For the most part, vector databases flatten data. Data can be namespaced into separate groups, but generally speaking, vector databases simply contain heaps of contextual data. They are reductive for the right reasons: vector databases can efficiently pull relevant information via semantic search to assist any AI query, irrespective of the data’s origins.

But this reductive approach sidesteps permissions. Some data may be off-limits to the querying user. Without the right precautions, this creates obvious hazards.

But because vector databases are just aggregate stores of contextual data (often brought in by an admin account from 3rd party sources), by default they lack a permissions system that matches those boasted by the original data sources. This creates a hazard: You wouldn’t want a summer intern to gain unauthorized access (even diluted access) to a CEO’s boardroom notes because the RAG pipeline lacked the permissions mechanisms in place to prevent the notes from being retrieved.

The main approach to handling permissions in RAG is through reconciling third-party permissions together via a central permissions service.

Alternatively, companies can use OAuth to outsource permissions to the third-party applications or verify access at query-time, though this comes with many drawbacks which we'll cover later in this article.

While these strategies are all nascent, we’ve seen our customers (SaaS product and engineering teams) implement permissions in various ways, and the tradeoffs of each approach. Our goal today is to build on those learnings, clarifying which approach may be right for you.

The default strategy: permissions reconciliation

One approach—handling permissions in-house—involves a threefold process.

(i) First, permissions must be pulled from third-party integrations like Google Drive or Salesforce via their APIs.
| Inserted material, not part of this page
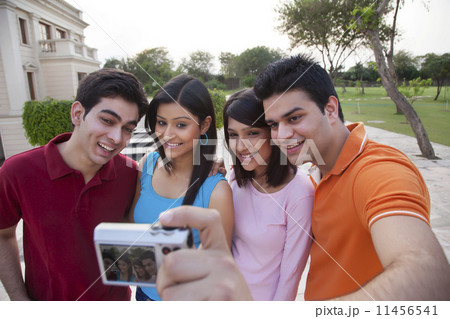 Happy friends taking self portrait outdoors 11456541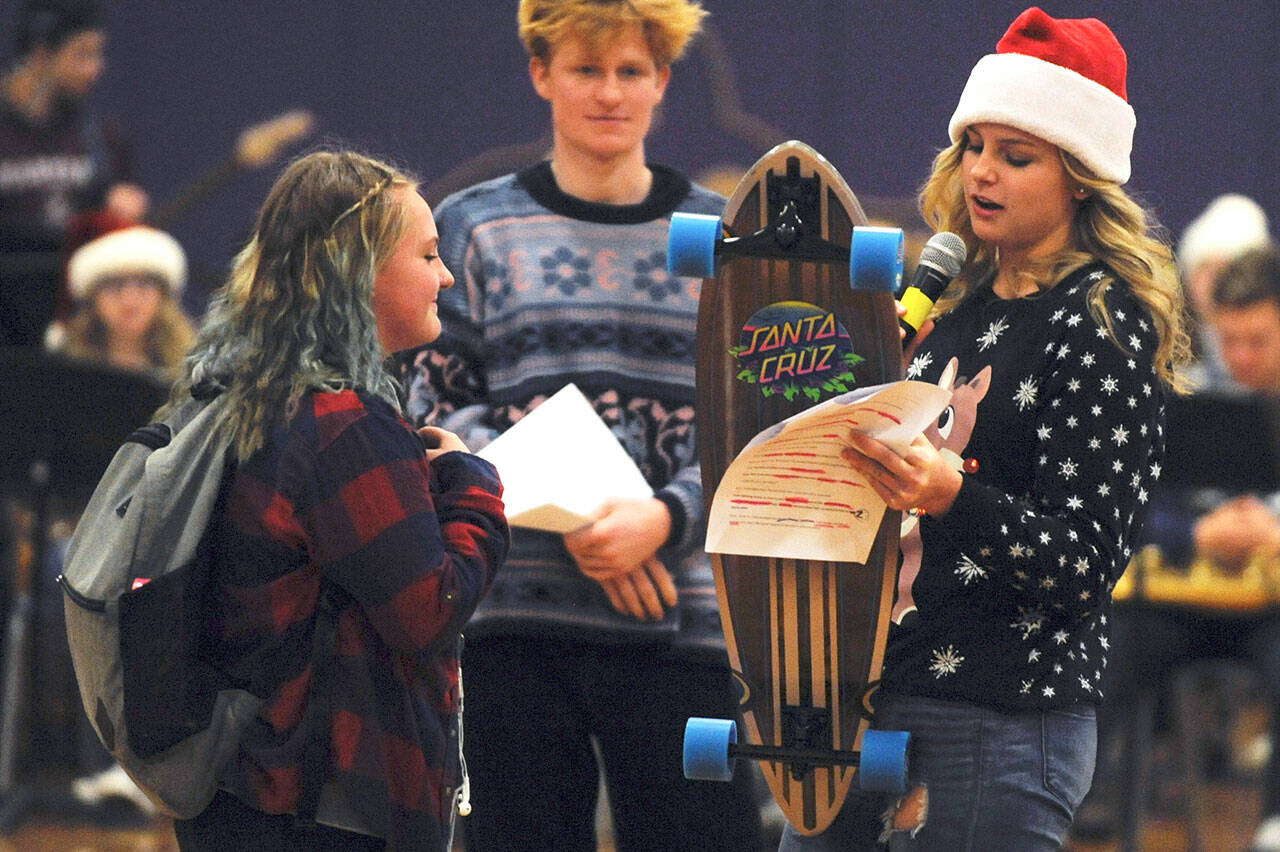 Gretta Thorson, right, presents an SHS student with a skateboard as part of the Sequim High School Winter Wishes assembly in December 2019. Sequim Gazette photo by Conor Dowley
This involves working with various API and permission systems.

(ii) Then, permissions need to be reconciled into one identity system, so that access across integrated data is collapsed together.
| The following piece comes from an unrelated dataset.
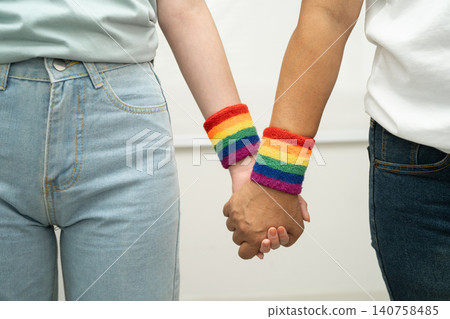Asian LGBT couple woman holding hand wearing rainbow wristband. Asian LGBT couple woman holding hand wearing rainbow wristband. 140758485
(iii) Finally, permissions need to be respected at query time, where any unauthorized information is filtered out.

To provide texture on the difficulty of this process, let’s run through the various types of permission systems.

The types of permissions

Understanding permissions systems can sometimes feel like an acronym hell. From ACLs to RBAC to ABAC, there are plenty of permissions systems, each with varying complexities depending on your scale.

Additionally, each 3rd party application may have their own permissions system, which makes reconciling permissions across these different applications more difficult.
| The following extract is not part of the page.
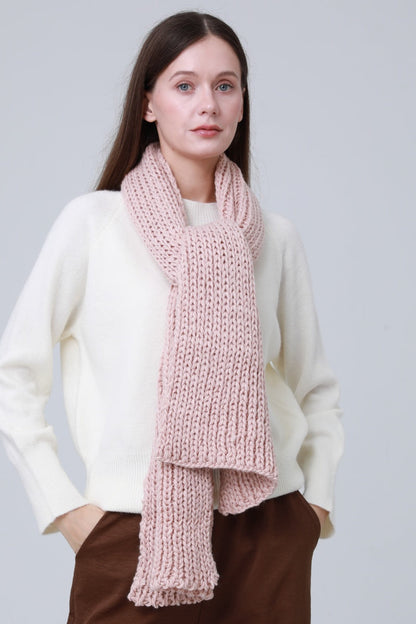 Soft pink chunky ribbed scarf for women styled with a cream sweater for a cozy look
Some of the most common permissions systems include:

ACLs

ACLs (Access Control Lists, sometimes known as user-level permissions) are lists of the users that have access to a respective entity. The entity could vary—it could be the entire application (eg. Salesforce), a specific collection (e.g. Opportunities), a specific entry (e.g. a Task), or a specific field (e.g. a Name).

ACLs are simple because they explicitly spell out which users should be able to access something. However, as organizations scale to thousands of users and millions of entities, ACLs can be tedious to manage.

That said, all other permissions systems can be converted into an ACL, which makes it the most popular approach within RAG.

RBAC

RBAC, or role-based access control, uses a concept of roles to abstract permissions for users. Each role has a set of permissions, and all users with that role inherits the respective permissions.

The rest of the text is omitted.